Strikes started today at a large London college just a year and a half after staff agreed a pay deal.
University College Union members at the Tower Hamlets branch of New City College (NCC) have been on a picket line since 8am and will be out for 48 hours.
It comes in spite of NCC granting employees a one-off payment of £400 and an annual salary increase of £400 in June 2018 after a dispute which involved three days of walkouts the month before.
Since then, staff have received a 1 per cent pay rise in 2018/19 and a 2 per cent rise in 2019/20.
However, this latest action is part of a wave of strikes that washed across the country earlier this year focused on the national pay deal: the UCU is calling for a 5 per cent pay bump, or £1,500 if that is greater, for college staff.
This led to planned walkouts at colleges like New College Swindon, Lambeth College, Capital City College Group and Hugh Baird College – all of which later reached a deal with staff including a pay rise of between two and six per cent.
Gerry McDonald, chief executive of NCC, said in June 2018 the one-off pay rise and annual increase was “not a pay deal, and is not linked to any national UCU campaign or any organised union action”.
A spokesperson for the UCU said the union is unhappy with the way NCC applied this year’s 2 per cent rise – as it was done without negotiation.
It’s also a “flat percentage increase across the whole staff”, meaning that those earning the most will “receive much more than the lowest paid”, the spokesperson added.
Additionally, they said the pay rise is being applied in two stages: the first 1 per cent comes in at the end of November 2019 backdated to August, and the other 1 per cent in February 2020 – so while staff will end the year 2 per cent higher, in practice this is closer to 1.5 per cent for the 2019/20 academic year.
NCC staff also want action to tackle rising workloads, improvements to contracts and formal recognition for trade unions.
UCU regional support official Caroline Lake said: “Strike action is never taken lightly but staff at the college are sick and tired of hearing the same old excuses.
“The college cannot continue to use government cuts as a reason to hold down staff pay when other institutions are finding ways to fairly reward their staff.
“It’s time for the college to come back to the negotiating table with a better offer that addresses the concerns of staff, otherwise further action could be on the cards.”
In November, the Association of Colleges recommended their members only offer staff a one per cent pay rise this year.
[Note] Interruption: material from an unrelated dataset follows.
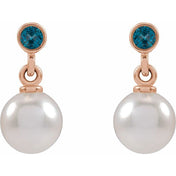 14K Rose Cultured White Akoya Pearl & Natural London Blue Topaz Earrings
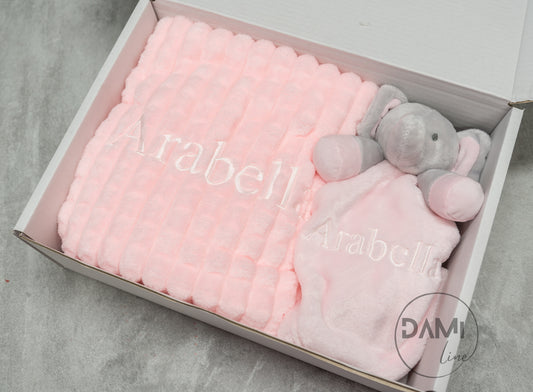 Personalised Baby Gift Set – Blanket & Elephant Comforter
AoC chief executive David Hughes said at the time it would be “reckless” to recommend a higher pay rise “given the financial stress colleges find themselves facing”.
The UCU said the pay gap between teachers in colleges and schools was around £7,000 in favour of schools, and some teachers were also awarded a 3.5 per cent pay rise by the Department for Education last year.
NCC staff went on strike in May and September of this year and this latest action was voted for with 90 per cent of the vote.
New City College declined to comment on today’s strike.